You may be one of the people who loves “Ready Player One,” or you may not. But it will not be because of a lack of stuff to love. The pop-culture detritus of the late 20th century — specifically, for the most part, the Reagan years — is crammed into the Oasis, a massively multiplayer online role-playing game (or MMORPG) that feels like mainlining the VH1 show “I Love the ’80s.”
References to the Atari 2600 gaming system, Batman, Buckaroo Banzai, “Back to the Future,” Chuckie from “Child’s Play,” King Kong, Jeeves of the search engine Ask.com, the robot from “The Iron Giant,” a Rubik’s Cube, “Stayin’ Alive” from “Saturday Night Fever” and Stanley Kubrick’s “The Shining” swirl in a soup teeming with forgotten trash and fondly remembered treasures. Surely, there’s a little something in there for (almost) everyone to love.
Set in 2045 in a decaying part of Columbus, Ohio, known as the Stacks — so called because of the trailers that are piled atop each other like Jenga blocks — “Ready Player One” centers on Wade Watts (Tye Sheridan), a teenage geek who spends most of his free time (and much of the plot of the movie) inside the Oasis. There, he appears not as himself, but as his digitized doppelgänger: a platinum-haired version of his aspirational self called Parzival (after the Arthurian hero who quested for the Holy Grail). Here, Parzival’s quarry is something equally elusive: a digital artifact — in gaming-speak, an Easter egg — that has been hidden inside the Oasis by its late creator, James Halliday (Mark Rylance), whose fortune will be inherited by whoever finds it. Assisting Wade/Parzival in his mission are Samantha, a.k.a. the pixieish, animé-eyed avatar Art3mis (Olivia Cooke), and three gamers Wade knows only as avatars: a muscle-bound man-mountain named Aech (pronounced “H”), the samurai Daito and the ninja Sho. (Accept all of these character descriptions with a grain of salt. As the New Yorker cartoon says, “On the Internet, nobody knows you’re a dog.”)

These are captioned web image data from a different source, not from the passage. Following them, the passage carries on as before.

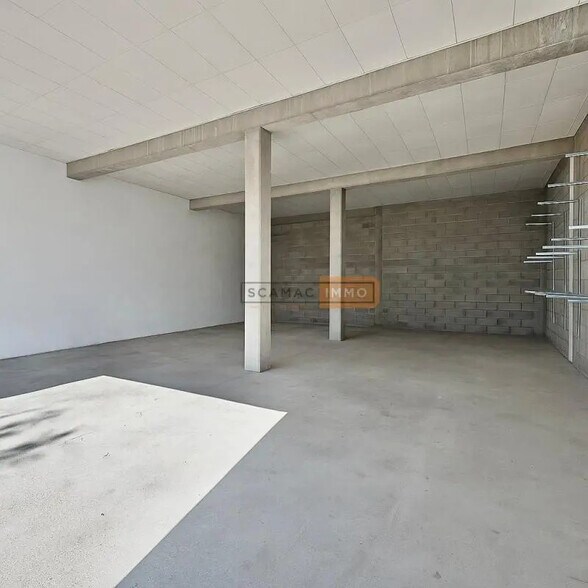 Industrial in Puget-sur-Argens for lease - Interior Photo - Image 1 of 5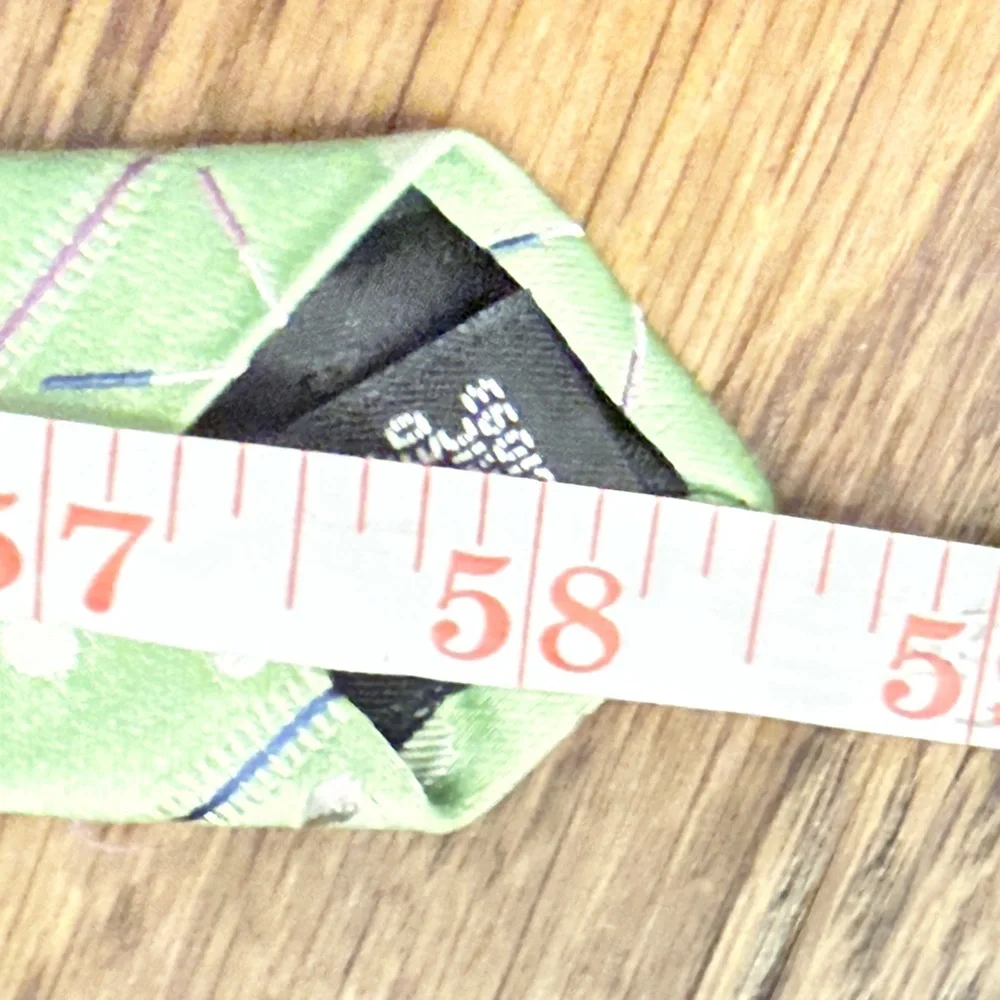 Van Heusen Silk Golf Club Tie Bright Green 100% Silk 58.5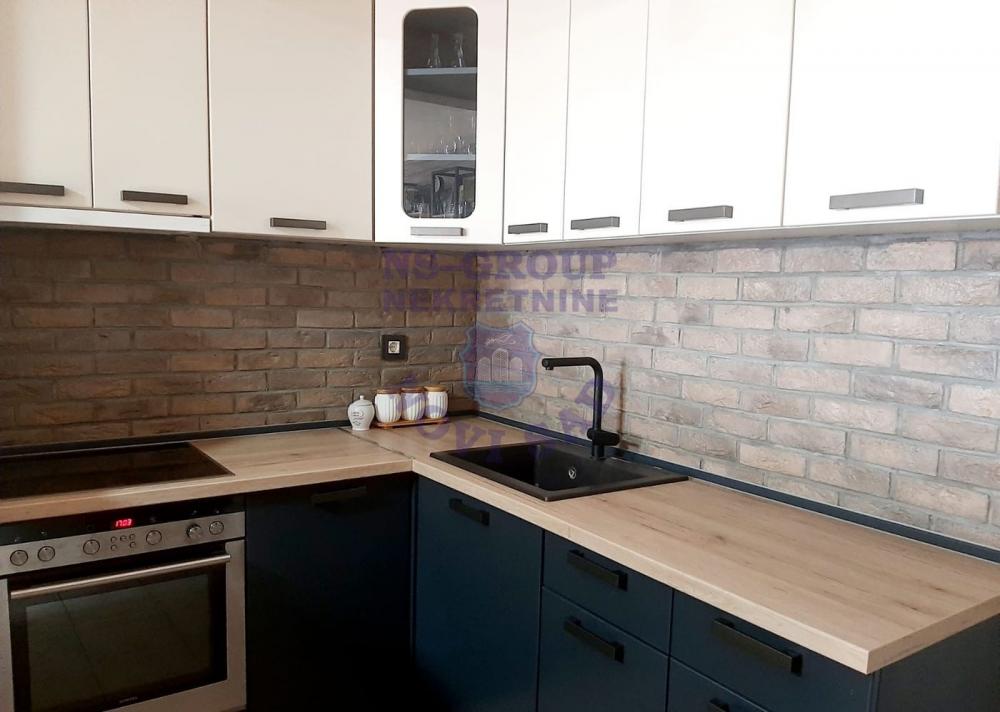 Slika 3 - 561539-Dvoiposoban stan površine 54m2 ,na atraktivnoj lokaciji Nova Detelinara. 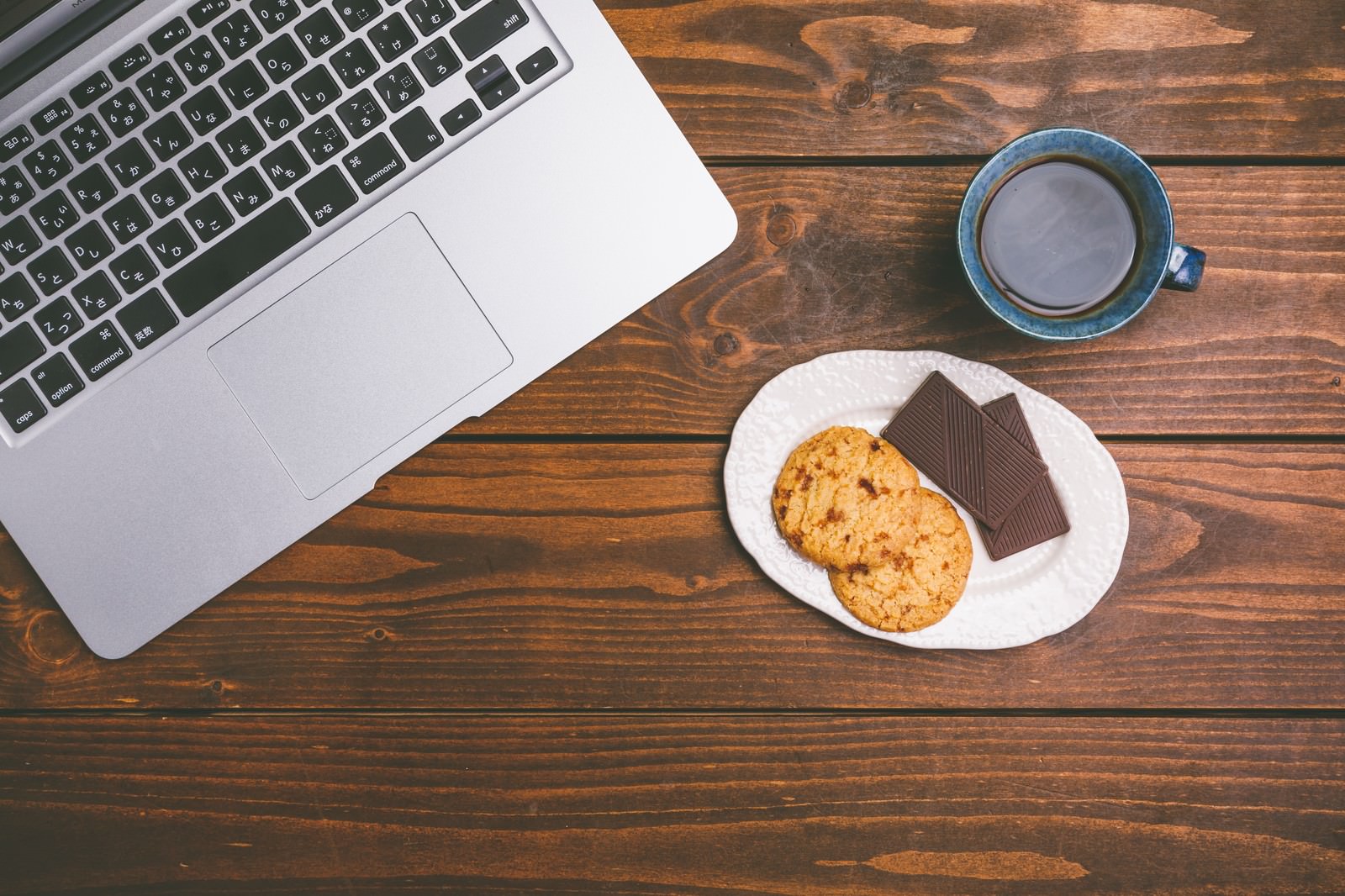 「ノートパソコンで仕事したらコーヒーとお菓子でブレイクタイム」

This tension — between the real world and the digital one — provides much of the nuance, to the extent that there is any, in “Ready Player One.” “Reality is a bummer,” someone says. But like “Blade Runner 2049,” it’s ironically in the dingy, dirty real world that the most engaging parts of the film take place, and not in the hologram-like perfection of places like the Oasis. Co-written by Zak Penn (“X-Men: The Last Stand”) and Ernest Cline, who wrote the original 2011 book, the story is a fairly straightforward digital scavenger hunt: part “Tron” and part “Willy Wonka and the Chocolate Factory.” An evil corporate titan bent on world domination (Ben Mendelsohn) is the requisite bad guy, a cliched role that is taken down a great peg by the sniping of T.J. Miller as his whining, slightly neurotic henchman.
In the end, whether you love or hate this movie will depend on how you feel about video games — not just as narrative, but as art.

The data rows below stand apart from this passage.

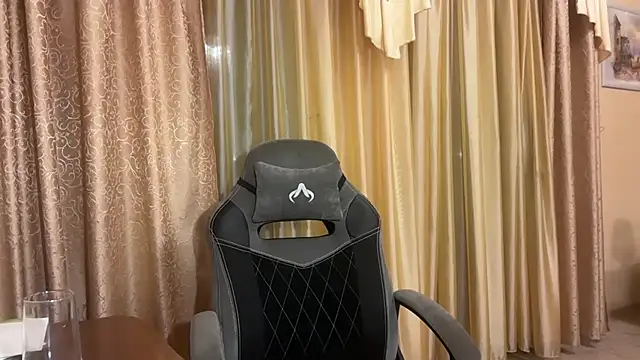 Avynora webcam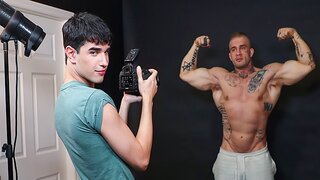 Cute Boy 18+ Seduces Athletic Man with Huge Muscles for Hot Sex Scene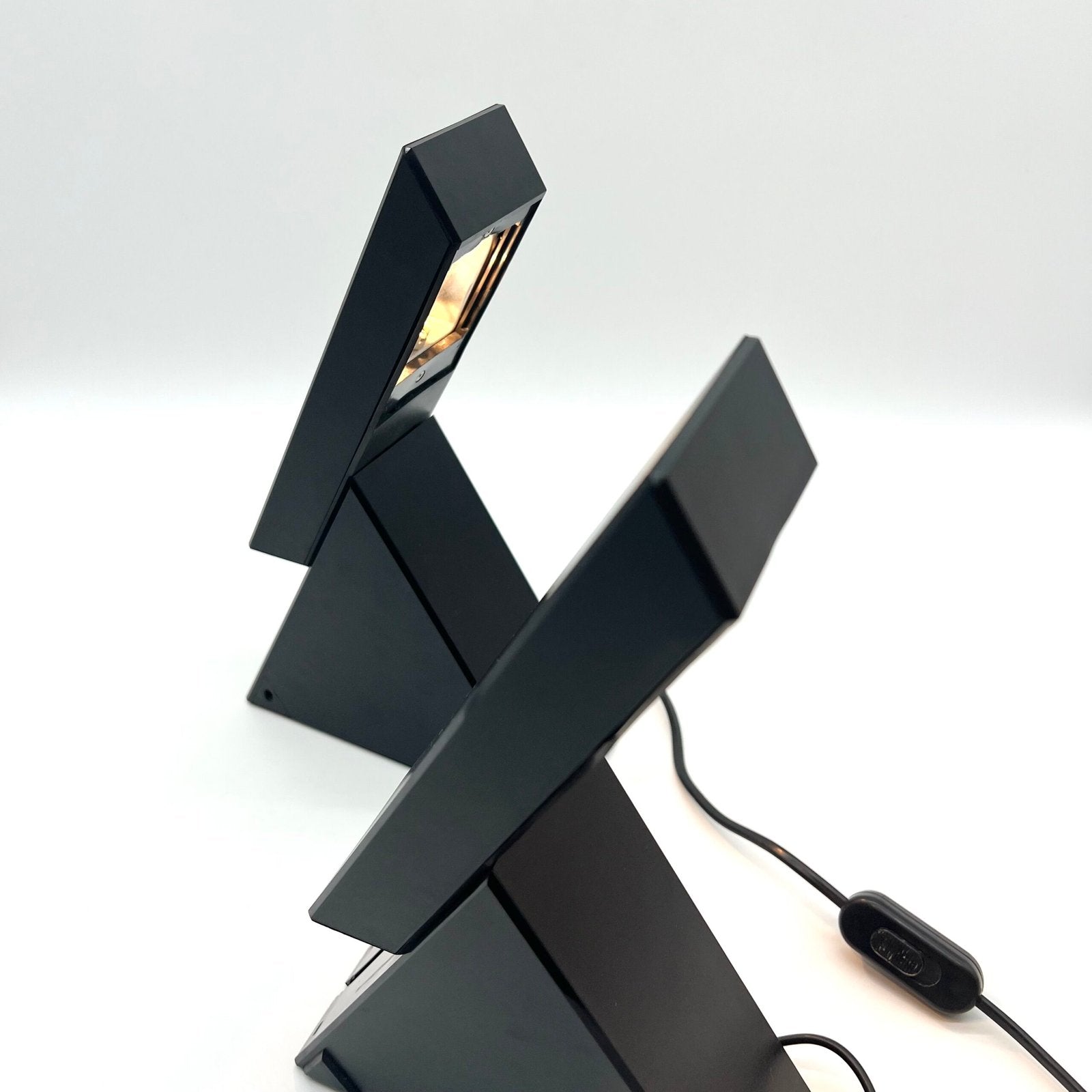 LAMPES "DELTA"PAR MARIO BERTORELLE POUR "JM RDM" MASSANZAGO, 1980s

Because so much of the action of “Ready Player One” tales place in the Oasis, so much of the film feels like watching “Final Fantasy: The Spirits Within.” As with that 2001 film — the first photorealistic, all-CGI feature, and the most expensive movie based on a video game ever — there’s something off-putting about looking at avatars for long periods of time. They’re cartoony, but they’re also real enough. Still, who wants to spend that much time with them? Long, long passages of “Ready” — and at nearly 2 ½ hours, it’s a long, long film — feel less like watching a movie than like playing a video game — or, rather, like watching a video game over someone’s shoulder.

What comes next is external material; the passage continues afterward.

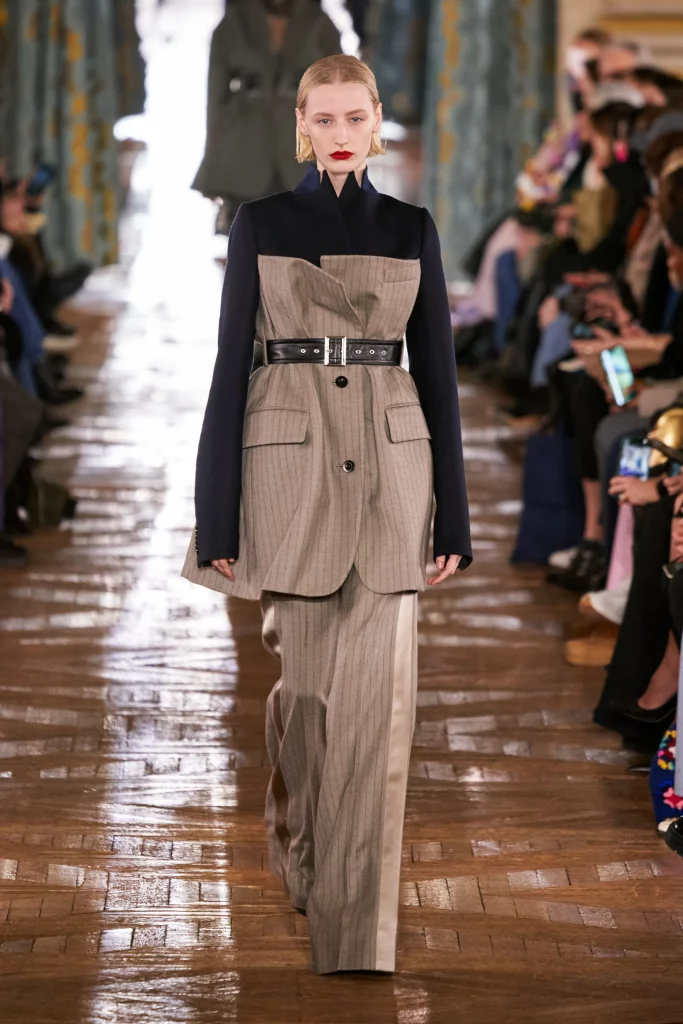 Maxi oversized suiting Runway Fall Winter 2022 2023 Best fashion trends-sacai-fall-2022-ready-to-wear-paris-credit-gorunway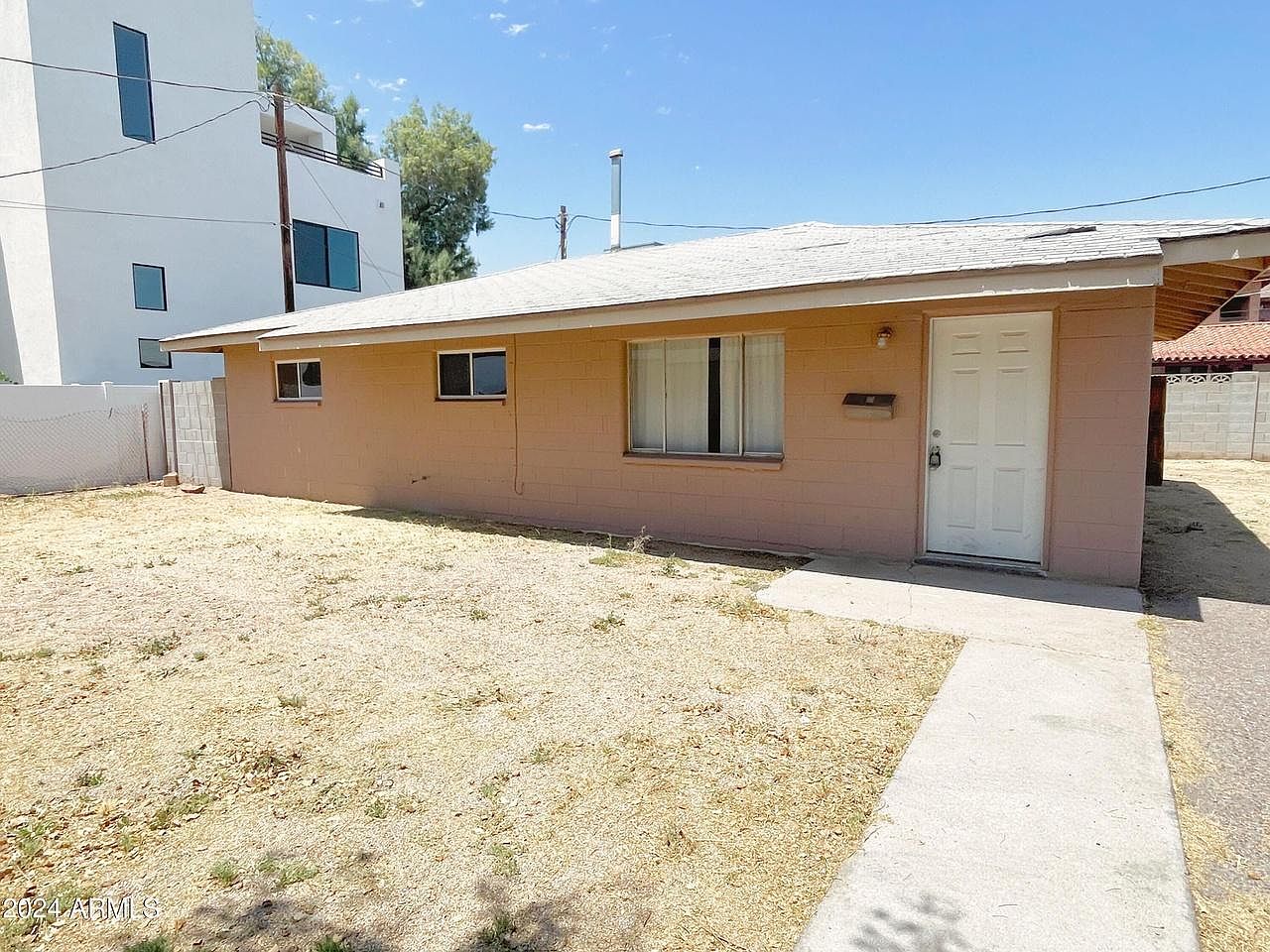 2138 E Turney Ave Phoenix, AZ 85016 photo 2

Spielberg, at 71, directs with the verve of a 20-something (or maybe a 71-year-old with a good memory). If “Ready Player One” is tedious at times, it’s also oodles of fun at others, especially during the extended “Shining” sequence, which uses actual clips from the 1980 thriller. (Stanley Kubrick’s film, like many of the other movie references, comes from Warner Bros., the studio behind “Ready Player One,” which made it easy to get the rights.)
There’s a meta quality to “Ready Player One” that is an intriguing — and underutilized — asset. When Parzival finally meets Halliday, late in the film, it is not as the game designer’s avatar, a Gandalf-like wizard with the colossally stupid name of Anorak. (Doesn’t it mean “ski jacket”?) Rather, Halliday looks just as he did in life. “Are you an avatar?” asks Parzival. “Are you alive?”
“No,” Halliday answers to both questions before disappearing. That mystery, hanging in the air unanswered, is the most interesting and infuriating thing about “Ready Player One.”
PG-13. At area theaters. Contains sequences of sci-fi action violence, bloody images, some suggestive material, partial nudity and strong language. 140 minutes.